The Developing Field of Research Software Engineering

It’s been fascinating to watch from the sidelines over the past two decades as research software engineering and RSE as a profession has gone from basically nothing to conferences, organizations, and research. I’m enormously heartened by the fact that training now exists to tackle the specific challenges of developing software that itself is research into methods development.

I’m still somewhat pessimistic, however, on the state of development frameworks for research computing. My current work with web services development just drives home the point of how scarce the tooling is for building research software.

The history of research computing since Fortran’s dominance has been that research software engineering has grafted itself on to a set of existing general purpose programming languages like C++ or Python, each of which has advantages but also gaps for research computing. There are exciting experiments here and there with new languages, but none are yet particularly compelling.
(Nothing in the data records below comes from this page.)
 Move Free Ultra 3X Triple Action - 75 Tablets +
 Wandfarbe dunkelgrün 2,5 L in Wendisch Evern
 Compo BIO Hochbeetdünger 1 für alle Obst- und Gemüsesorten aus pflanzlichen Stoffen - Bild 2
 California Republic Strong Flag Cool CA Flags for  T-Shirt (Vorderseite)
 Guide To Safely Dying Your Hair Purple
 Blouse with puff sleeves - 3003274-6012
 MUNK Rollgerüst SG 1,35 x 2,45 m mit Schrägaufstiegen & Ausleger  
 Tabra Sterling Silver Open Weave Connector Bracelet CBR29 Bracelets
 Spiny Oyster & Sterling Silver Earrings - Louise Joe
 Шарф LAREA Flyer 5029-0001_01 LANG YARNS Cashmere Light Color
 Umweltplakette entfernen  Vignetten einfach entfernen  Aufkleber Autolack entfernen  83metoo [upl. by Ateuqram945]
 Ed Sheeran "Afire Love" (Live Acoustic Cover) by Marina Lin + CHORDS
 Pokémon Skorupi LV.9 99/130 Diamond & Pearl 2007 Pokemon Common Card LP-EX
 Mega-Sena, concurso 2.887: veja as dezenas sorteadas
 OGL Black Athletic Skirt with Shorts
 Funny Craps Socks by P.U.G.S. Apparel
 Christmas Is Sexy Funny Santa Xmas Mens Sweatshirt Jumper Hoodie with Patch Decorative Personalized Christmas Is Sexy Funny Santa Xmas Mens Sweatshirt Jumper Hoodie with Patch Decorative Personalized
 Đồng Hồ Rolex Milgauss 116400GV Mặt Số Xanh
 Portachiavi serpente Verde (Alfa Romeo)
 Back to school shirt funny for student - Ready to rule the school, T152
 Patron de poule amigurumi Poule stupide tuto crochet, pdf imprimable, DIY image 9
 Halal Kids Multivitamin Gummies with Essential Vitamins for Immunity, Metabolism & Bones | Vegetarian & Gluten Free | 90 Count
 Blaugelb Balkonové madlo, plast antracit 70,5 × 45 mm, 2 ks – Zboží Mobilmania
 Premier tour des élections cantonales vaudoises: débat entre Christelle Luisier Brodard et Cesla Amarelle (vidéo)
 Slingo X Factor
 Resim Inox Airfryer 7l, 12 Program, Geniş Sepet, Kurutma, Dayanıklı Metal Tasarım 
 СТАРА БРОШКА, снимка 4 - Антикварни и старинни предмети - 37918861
As Data Science/Data Engineering becomes more and more common in commercial enterprises and as a computing use case, we may yet end up finding frameworks which, if not actually designed for science, are made for similar purposes. The good news is that people problems are hard, while technology problems are (comparatively) tractable. If one or more promising development frameworks appear in the coming years, ones that allow a path from “basic methods science” to “methods commercialization”, other people’s hard work has led to a generation of research software developers who are ready to take the plunge.